* _What the task asks_: One range is to be output from the listing below, exactly as written: the line with "Lego 6061 Siege" to the line with "Aamiaismajoitus (B&B) Le", both kept.
——————
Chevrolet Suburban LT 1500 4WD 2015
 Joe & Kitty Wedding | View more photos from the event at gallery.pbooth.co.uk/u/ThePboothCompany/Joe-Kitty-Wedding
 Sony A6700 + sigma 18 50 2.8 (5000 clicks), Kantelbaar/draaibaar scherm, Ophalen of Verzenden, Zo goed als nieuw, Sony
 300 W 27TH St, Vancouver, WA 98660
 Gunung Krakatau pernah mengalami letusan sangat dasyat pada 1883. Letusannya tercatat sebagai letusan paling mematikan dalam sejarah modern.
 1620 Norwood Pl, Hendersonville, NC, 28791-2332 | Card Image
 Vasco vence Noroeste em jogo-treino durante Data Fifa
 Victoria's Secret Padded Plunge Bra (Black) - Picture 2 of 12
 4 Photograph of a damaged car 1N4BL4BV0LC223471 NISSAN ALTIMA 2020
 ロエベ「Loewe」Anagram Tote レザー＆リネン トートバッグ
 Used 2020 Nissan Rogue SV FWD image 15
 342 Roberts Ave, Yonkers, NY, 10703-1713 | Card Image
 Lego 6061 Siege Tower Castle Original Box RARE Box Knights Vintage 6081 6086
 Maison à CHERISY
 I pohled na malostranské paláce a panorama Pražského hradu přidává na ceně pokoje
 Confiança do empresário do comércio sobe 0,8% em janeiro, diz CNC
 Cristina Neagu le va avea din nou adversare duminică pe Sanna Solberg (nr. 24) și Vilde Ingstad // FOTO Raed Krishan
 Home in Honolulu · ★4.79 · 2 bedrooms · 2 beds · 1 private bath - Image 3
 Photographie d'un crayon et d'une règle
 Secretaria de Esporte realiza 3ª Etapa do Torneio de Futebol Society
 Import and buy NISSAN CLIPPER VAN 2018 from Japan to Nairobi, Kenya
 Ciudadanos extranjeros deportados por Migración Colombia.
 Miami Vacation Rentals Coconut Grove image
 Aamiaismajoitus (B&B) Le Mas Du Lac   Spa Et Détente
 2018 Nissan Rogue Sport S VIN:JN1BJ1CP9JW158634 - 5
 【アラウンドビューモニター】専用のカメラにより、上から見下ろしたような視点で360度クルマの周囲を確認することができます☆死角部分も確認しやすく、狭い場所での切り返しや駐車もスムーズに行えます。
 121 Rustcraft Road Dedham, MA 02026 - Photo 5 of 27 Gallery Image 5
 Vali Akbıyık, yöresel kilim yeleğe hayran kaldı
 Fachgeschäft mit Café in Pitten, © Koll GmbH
——————
* _Answer for this exercise_:
 Lego 6061 Siege Tower Castle Original Box RARE Box Knights Vintage 6081 6086
 Maison à CHERISY
 I pohled na malostranské paláce a panorama Pražského hradu přidává na ceně pokoje
 Confiança do empresário do comércio sobe 0,8% em janeiro, diz CNC
 Cristina Neagu le va avea din nou adversare duminică pe Sanna Solberg (nr. 24) și Vilde Ingstad // FOTO Raed Krishan
 Home in Honolulu · ★4.79 · 2 bedrooms · 2 beds · 1 private bath - Image 3
 Photographie d'un crayon et d'une règle
 Secretaria de Esporte realiza 3ª Etapa do Torneio de Futebol Society
 Import and buy NISSAN CLIPPER VAN 2018 from Japan to Nairobi, Kenya
 Ciudadanos extranjeros deportados por Migración Colombia.
 Miami Vacation Rentals Coconut Grove image
 Aamiaismajoitus (B&B) Le Mas Du Lac   Spa Et Détente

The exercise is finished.